Olivieri 1882 is one of Italy’s most treasured bakeries. Located in Arzignano, a two-hour drive from Venice, the fifth-generation bakery is known for producing some of the country’s most-loved celebratory breads using lievito madre (mother yeast) to make some seriously tower-high lievitati, otherwise known as holiday leavened cakes to us mere mortals who are not fluent in the Italian language. The most well-known known lievitati is the panettone, which is eaten during Christmas and Easter. A popular second is the Easter Colomba, but both are equally delicious Italian breads — and I can eat them any time of the year, not just during festive seasons. 

My friend Nicola Olivieri is the fifth-generation owner of the bakery, and I’ve been fortunate enough to taste his Nonna’s recipes. They’re ultimately the inspiration behind the line of baked goods sold at Olivieri 1882, which are available for shipping within 48 hours to the United States for people who seriously need panettone ASAP (so, me). With a history dating back to 1882 when Nicola’s great-great-grandfather started the family bakery selling simple breads to what is now one of Italy’s most loved and revered bakeries, I didn’t expect a master baker like Nicola to tell me that his favorite baking tool is in fact something you can find for less than $10.

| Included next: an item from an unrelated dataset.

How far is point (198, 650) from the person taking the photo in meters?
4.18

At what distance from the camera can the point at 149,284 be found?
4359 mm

What’s So Great About the Saint Germain Premium Hand-Crafted Bread Lame?

While there are a lot of tricks and family secrets to making award-winning bread and panettone, Nicola recommends an affordable bread lame for both novice and well-versed bakers to take their bakes to the next level. For Nicola, it’s the Saint Germain Bread Lame. “This blade’s handle is on the shorter side so it’s easier to manage and manipulate, and it has a nice grip,” he says. “It also comes with a blade cover, which means I can store it away safely when I’m not working, and arrives with replaceable blades for multiple uses. I’ve used it to craft countless loaves and baguettes, always with consistent, impressive results. And of course, you can’t beat the price.” 

A bread lame is used to score bread, both in a practical and an aesthetic way, says Nicola. The dough can rise properly and it’ll look pretty, too — it’s equal parts science and art. “The bread lame plays an essential role in Olivieri 1882’s Panettone Classico. It lets us ‘sleekly’ score each panettone with a cross in a technique called scarpatura. This allows for the top of the panettone to rise and ‘puff up,’ giving it its signature cupola shape,” shares Nicola. 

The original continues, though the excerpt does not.